I- Resmi belgede sahtecilik, katılanlar T. Garanti Bankası A.Ş., Akbank T.A.Ş. ve Türk Ekonomi Bankası A.Ş.’ye yönelik sahte üretilen banka veya kredi kartının kötüye kullanılması ve katılan ...’a yönelik nitelikli dolandırıcılık suçundan kurulan hükümlere ilişkin temyiz incelemesinde;
Sanığın, başkasına ait kimlik bilgilerini kullanarak, katılanlar T. Garanti Bankası A.Ş., Akbank T.A.Ş. ve Türk Ekonomi Bankası A.Ş.’ye müracaat ederek sahte banka ve kredi kartı çıkartıp harcama yapmaktan ibaret eylemlerinin TCK.nun 245/2. ve 245/3. maddelerine uyan suçları oluşturduğu gözetilmeden, tek suç kabulü ile yazılı şekilde hüküm kurulması karşı temyiz bulunmadığından; TCK.nun 245/3. maddesi uyarınca temel ceza tayin olunurken hapis cezası alt sınırdan tayin olunduğu halde, aynı gerekçeyle adli para cezasına esas alınan birim gün sayısının alt sınırdan uzaklaşılarak belirlenmesi suretiyle çelişkiye neden olunması isabetsiz ise de, Yargıtay Ceza Genel Kurulu’nun 04.03.2008 gün ve 47/43 sayılı kararında açıklandığı üzere, yukarıda eleştiri konusu yapılan ve sanığın gerçekte alması gereken ceza miktarından daha az bir ceza almasına yol açan mahkeme uygulamasının sanık lehine olması nedeniyle bu yanılgılı uygulamada yapılan hatadan ötürü ikinci kez atıfet sağlayacak şekilde bozma yapılmasının adalet ve hakkaniyete uygun olmayacağı anlaşıldığından; dolandırıcılık suçuna ilişkin olarak ise 5237 sayılı TCK.nun 158/1-son maddesi uyarınca aynı Yasanın 158/1-f maddesinde sayılan hallerde hapis cezası yanında hükmolunan temel gün adli para cezası, suçtan elde edilen haksız menfaatin iki katından az olmayacak şekilde belirlenip, bu miktar üzerinden arttırma ve eksiltmeler yapıldıktan sonra ortaya çıkacak sonuç gün sayısı ile bir gün karşılığı aynı Kanunun 52. maddesi uyarınca takdir olunacak miktarın çarpılması neticesinde sonuç adli para cezasının belirlenmesi gerektiğinin gözetilmemesi aleyhe temyiz olmadığından bozma nedeni yapılmamıştır.

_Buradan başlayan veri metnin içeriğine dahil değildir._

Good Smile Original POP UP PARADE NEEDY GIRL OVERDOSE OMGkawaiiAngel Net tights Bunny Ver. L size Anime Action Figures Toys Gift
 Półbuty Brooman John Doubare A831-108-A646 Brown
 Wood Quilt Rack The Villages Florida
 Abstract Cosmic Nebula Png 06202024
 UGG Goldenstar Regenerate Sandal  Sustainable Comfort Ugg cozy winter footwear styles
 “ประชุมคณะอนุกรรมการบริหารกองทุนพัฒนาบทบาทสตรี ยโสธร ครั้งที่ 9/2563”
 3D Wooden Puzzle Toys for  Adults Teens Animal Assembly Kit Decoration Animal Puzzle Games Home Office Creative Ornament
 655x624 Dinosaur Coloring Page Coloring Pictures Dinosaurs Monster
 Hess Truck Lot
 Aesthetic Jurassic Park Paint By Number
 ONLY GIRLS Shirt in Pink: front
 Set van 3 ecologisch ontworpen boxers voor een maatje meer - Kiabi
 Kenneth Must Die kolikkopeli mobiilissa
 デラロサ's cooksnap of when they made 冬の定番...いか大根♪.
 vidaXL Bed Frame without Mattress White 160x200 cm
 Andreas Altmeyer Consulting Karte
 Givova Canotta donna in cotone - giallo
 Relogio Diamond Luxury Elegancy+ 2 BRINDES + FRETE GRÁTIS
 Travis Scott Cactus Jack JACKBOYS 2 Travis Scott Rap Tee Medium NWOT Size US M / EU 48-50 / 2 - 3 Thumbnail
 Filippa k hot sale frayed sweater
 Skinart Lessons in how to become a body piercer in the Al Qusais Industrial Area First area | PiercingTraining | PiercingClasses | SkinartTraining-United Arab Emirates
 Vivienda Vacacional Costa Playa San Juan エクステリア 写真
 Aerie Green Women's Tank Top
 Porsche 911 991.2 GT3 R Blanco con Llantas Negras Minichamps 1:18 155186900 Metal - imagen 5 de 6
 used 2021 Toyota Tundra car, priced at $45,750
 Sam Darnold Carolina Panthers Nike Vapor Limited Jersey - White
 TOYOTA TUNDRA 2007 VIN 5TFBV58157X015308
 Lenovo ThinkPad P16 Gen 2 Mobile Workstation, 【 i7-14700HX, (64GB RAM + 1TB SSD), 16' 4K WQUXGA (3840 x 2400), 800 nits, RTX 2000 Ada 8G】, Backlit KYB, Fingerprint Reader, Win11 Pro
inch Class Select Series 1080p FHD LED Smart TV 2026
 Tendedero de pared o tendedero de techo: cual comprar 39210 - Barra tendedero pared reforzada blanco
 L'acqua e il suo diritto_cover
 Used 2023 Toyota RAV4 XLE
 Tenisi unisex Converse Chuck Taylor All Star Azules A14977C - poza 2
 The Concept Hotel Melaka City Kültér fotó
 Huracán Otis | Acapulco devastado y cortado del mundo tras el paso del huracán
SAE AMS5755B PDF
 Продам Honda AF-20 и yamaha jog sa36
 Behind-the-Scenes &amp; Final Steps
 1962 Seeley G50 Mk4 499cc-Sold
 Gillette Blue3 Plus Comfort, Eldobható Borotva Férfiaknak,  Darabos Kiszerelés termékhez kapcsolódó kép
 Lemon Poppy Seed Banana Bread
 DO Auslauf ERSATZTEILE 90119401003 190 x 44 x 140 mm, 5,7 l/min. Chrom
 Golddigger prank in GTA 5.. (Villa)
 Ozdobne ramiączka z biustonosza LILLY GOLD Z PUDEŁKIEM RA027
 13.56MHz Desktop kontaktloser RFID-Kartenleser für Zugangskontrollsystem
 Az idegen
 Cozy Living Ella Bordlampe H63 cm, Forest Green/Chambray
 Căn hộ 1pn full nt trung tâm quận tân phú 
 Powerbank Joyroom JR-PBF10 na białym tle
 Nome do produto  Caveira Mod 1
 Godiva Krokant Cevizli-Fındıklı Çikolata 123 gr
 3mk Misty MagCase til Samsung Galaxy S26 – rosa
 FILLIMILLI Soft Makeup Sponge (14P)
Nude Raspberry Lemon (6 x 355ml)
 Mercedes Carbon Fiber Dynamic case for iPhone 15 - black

Yapılan yargılamaya, dosya içeriğine, toplanıp karar yerinde gösterilen ve değerlendirilen delillere, oluşa ve mahkemenin soruşturma sonucunda oluşan inanç ve takdirine, hukuka uygun, yasal ve yeterli olarak açıklanan gerekçeye göre Cumhuriyet Savcısının suçun vasfına, sanık müdafinin ise suçun unsurlarının oluşmadığına yönelik temyiz itirazları yerinde görülmediğinden reddiyle hükümlerin ONANMASINA,
II- Katılan ... ve Kredi Bankası A.Ş.’ye yönelik sahte üretilen banka kartının kötüye kullanılması suçundan kurulan hüküme ilişkin temyiz incelemesinde;
Mağdur ... adına düzenlenmiş Yapı ve Kredi Bankasına ait 4943 1410 6802 8442 numaralı banka kartına ilişkin harcama detaylarının dosya kapsamında bulunmadığı anlaşılmakla, suça konu banka kartına ilişkin harcama detayları getirtilip, sanığın başkasına ait kimlik bilgilerini kullanarak, katılan ... ve Kredi Bankası A.Ş.’ye müracaat etmesi sonucu düzenlenen sahte banka kartını kabul etmesi eyleminin TCK.nun 245/2., bu banka kartını kullanarak kendisine ve başkasına yarar sağladığının tespiti halinde ise ayrıca aynı Yasanın 245/3. maddesinde düzenlenen suçları oluşturacağı hususu da gözetilerek sonucuna göre sanığın, hukuki durumunun takdir ve tayini gerektiği gözetilmeden eksik araştırma ile yazılı şekilde karar verilmesi,
Yasaya aykırı, sanık müdafinin temyiz itirazları bu itibarla yerinde görülmüş olduğundan hükmün bu sebepten dolayı 5320 sayılı Yasanın 8/1. maddesi gereğince uygulanması gereken CMUK.nun 321. ve 326/son maddeleri uyarınca BOZULMASINA, 09.10.2017 gününde oybirliğiyle karar verildi.